Records to process:

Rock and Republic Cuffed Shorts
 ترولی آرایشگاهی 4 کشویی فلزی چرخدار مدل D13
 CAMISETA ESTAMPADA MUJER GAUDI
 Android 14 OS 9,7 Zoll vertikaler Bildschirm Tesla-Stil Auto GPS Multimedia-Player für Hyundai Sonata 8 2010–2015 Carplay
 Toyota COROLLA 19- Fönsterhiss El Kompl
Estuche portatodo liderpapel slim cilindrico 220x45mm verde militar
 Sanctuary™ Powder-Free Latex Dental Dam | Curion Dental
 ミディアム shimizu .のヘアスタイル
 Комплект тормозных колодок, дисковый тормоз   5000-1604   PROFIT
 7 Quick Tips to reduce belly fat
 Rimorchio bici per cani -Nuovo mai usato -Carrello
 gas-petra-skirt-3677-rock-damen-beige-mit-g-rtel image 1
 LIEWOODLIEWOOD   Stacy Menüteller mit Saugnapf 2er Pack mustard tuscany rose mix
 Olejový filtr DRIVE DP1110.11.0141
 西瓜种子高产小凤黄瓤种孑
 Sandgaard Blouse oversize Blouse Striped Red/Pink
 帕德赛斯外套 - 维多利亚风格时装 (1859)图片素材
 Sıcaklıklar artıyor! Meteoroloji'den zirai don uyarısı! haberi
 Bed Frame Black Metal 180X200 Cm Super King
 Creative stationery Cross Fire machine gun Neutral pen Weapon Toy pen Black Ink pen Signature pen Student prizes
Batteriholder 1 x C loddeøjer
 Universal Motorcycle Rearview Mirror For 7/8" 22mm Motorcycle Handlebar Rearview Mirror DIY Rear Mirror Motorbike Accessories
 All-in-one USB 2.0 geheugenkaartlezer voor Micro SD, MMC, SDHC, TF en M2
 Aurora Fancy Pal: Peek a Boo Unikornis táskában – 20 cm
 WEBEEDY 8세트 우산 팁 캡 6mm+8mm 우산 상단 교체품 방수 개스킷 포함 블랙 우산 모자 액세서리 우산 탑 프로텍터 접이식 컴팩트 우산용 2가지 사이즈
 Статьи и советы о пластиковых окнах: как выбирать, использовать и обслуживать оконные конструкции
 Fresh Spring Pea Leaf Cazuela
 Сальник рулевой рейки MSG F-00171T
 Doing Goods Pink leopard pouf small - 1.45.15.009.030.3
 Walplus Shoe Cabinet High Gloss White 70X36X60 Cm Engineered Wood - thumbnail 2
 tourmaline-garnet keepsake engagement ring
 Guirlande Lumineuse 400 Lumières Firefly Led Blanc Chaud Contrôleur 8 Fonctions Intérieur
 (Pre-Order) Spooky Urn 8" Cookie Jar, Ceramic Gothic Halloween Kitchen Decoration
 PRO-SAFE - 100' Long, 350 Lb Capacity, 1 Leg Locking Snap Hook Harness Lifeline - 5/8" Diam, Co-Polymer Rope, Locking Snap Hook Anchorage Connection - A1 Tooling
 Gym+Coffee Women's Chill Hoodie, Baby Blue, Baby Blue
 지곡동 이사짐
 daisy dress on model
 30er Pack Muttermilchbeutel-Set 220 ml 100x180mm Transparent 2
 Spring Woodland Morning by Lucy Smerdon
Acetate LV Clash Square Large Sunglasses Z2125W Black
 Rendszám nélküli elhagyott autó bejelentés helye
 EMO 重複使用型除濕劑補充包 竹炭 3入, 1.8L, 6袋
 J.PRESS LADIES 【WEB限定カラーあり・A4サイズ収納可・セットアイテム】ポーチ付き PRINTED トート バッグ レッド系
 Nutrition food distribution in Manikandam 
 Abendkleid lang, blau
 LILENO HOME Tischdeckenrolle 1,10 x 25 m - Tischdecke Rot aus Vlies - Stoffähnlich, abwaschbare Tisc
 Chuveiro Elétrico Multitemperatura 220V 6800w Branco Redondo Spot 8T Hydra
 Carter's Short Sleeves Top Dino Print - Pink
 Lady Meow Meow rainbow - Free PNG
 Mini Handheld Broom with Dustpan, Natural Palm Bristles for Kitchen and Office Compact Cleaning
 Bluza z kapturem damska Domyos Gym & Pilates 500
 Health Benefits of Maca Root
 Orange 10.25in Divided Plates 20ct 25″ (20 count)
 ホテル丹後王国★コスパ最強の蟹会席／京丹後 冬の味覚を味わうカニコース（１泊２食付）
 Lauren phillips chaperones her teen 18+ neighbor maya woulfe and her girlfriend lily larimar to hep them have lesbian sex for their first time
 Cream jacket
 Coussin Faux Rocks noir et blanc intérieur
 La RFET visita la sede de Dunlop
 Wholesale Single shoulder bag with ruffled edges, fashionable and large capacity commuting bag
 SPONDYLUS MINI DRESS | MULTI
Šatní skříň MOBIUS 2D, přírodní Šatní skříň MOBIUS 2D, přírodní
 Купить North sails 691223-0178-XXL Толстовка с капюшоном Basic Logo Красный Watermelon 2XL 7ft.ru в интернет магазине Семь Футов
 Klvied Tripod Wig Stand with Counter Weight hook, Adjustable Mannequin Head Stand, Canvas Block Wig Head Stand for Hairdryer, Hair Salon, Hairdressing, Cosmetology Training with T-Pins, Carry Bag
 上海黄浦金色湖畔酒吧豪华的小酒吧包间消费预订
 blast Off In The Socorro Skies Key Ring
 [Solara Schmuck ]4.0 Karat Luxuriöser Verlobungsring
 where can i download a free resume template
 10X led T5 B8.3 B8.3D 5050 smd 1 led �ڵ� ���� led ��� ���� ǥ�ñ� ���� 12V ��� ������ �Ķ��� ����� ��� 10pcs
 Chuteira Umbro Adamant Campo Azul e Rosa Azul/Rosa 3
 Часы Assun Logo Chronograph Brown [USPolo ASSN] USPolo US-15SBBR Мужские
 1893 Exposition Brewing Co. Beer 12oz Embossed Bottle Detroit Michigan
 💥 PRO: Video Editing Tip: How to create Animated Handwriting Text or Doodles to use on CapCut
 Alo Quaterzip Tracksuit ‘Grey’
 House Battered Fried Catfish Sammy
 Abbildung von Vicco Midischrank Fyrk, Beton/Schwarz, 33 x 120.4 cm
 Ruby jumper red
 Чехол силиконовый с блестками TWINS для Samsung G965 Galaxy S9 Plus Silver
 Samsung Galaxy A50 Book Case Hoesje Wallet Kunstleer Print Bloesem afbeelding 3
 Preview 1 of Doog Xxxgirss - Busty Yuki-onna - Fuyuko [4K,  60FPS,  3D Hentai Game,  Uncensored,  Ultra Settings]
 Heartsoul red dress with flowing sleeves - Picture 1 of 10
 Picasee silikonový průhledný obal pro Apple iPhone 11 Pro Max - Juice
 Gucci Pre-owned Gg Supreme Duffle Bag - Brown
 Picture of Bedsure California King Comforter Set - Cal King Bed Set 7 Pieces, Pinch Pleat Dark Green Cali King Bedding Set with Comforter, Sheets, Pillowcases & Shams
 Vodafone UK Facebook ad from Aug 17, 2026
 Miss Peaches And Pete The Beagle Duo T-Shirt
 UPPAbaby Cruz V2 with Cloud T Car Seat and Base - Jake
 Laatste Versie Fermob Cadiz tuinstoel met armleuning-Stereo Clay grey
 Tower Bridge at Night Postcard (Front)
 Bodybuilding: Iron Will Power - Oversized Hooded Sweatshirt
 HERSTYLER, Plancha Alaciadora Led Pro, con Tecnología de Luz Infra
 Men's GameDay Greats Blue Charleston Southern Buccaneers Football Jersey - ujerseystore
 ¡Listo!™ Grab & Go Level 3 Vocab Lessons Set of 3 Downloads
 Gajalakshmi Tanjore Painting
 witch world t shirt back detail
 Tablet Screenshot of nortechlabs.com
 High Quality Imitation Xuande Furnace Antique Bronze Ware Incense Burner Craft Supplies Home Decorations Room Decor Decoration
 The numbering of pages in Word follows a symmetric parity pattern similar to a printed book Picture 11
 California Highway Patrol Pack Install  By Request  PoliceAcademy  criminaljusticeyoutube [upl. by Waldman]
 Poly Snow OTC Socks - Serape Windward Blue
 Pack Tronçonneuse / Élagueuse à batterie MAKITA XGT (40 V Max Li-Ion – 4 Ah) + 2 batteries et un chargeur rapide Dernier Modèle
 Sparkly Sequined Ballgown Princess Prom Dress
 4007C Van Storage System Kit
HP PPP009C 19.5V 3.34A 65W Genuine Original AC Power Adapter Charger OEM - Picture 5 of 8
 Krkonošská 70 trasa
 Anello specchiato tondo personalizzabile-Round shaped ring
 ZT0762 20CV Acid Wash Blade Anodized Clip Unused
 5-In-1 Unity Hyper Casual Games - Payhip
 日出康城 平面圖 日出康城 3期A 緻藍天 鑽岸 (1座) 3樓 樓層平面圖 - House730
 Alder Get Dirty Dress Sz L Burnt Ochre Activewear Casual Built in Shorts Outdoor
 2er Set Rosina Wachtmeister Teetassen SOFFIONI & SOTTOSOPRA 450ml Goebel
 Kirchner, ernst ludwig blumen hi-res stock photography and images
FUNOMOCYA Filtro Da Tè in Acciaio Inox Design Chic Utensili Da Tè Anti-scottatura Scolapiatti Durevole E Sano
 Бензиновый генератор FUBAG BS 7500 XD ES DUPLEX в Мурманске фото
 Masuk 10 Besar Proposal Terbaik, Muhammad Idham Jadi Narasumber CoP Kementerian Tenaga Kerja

Problem: Within the listing above, locate the line containing "Rendszám nélküli elhagyott" and the line containing "1893 Exposition Brewing". Reproduce those two lines and all lines between them exactly, with nothing added.

Solved exercise:
 Rendszám nélküli elhagyott autó bejelentés helye
 EMO 重複使用型除濕劑補充包 竹炭 3入, 1.8L, 6袋
 J.PRESS LADIES 【WEB限定カラーあり・A4サイズ収納可・セットアイテム】ポーチ付き PRINTED トート バッグ レッド系
 Nutrition food distribution in Manikandam 
 Abendkleid lang, blau
 LILENO HOME Tischdeckenrolle 1,10 x 25 m - Tischdecke Rot aus Vlies - Stoffähnlich, abwaschbare Tisc
 Chuveiro Elétrico Multitemperatura 220V 6800w Branco Redondo Spot 8T Hydra
 Carter's Short Sleeves Top Dino Print - Pink
 Lady Meow Meow rainbow - Free PNG
 Mini Handheld Broom with Dustpan, Natural Palm Bristles for Kitchen and Office Compact Cleaning
 Bluza z kapturem damska Domyos Gym & Pilates 500
 Health Benefits of Maca Root
 Orange 10.25in Divided Plates 20ct 25″ (20 count)
 ホテル丹後王国★コスパ最強の蟹会席／京丹後 冬の味覚を味わうカニコース（１泊２食付）
 Lauren phillips chaperones her teen 18+ neighbor maya woulfe and her girlfriend lily larimar to hep them have lesbian sex for their first time
 Cream jacket
 Coussin Faux Rocks noir et blanc intérieur
 La RFET visita la sede de Dunlop
 Wholesale Single shoulder bag with ruffled edges, fashionable and large capacity commuting bag
 SPONDYLUS MINI DRESS | MULTI
Šatní skříň MOBIUS 2D, přírodní Šatní skříň MOBIUS 2D, přírodní
 Купить North sails 691223-0178-XXL Толстовка с капюшоном Basic Logo Красный Watermelon 2XL 7ft.ru в интернет магазине Семь Футов
 Klvied Tripod Wig Stand with Counter Weight hook, Adjustable Mannequin Head Stand, Canvas Block Wig Head Stand for Hairdryer, Hair Salon, Hairdressing, Cosmetology Training with T-Pins, Carry Bag
 上海黄浦金色湖畔酒吧豪华的小酒吧包间消费预订
 blast Off In The Socorro Skies Key Ring
 [Solara Schmuck ]4.0 Karat Luxuriöser Verlobungsring
 where can i download a free resume template
 10X led T5 B8.3 B8.3D 5050 smd 1 led �ڵ� ���� led ��� ���� ǥ�ñ� ���� 12V ��� ������ �Ķ��� ����� ��� 10pcs
 Chuteira Umbro Adamant Campo Azul e Rosa Azul/Rosa 3
 Часы Assun Logo Chronograph Brown [USPolo ASSN] USPolo US-15SBBR Мужские
 1893 Exposition Brewing Co. Beer 12oz Embossed Bottle Detroit Michigan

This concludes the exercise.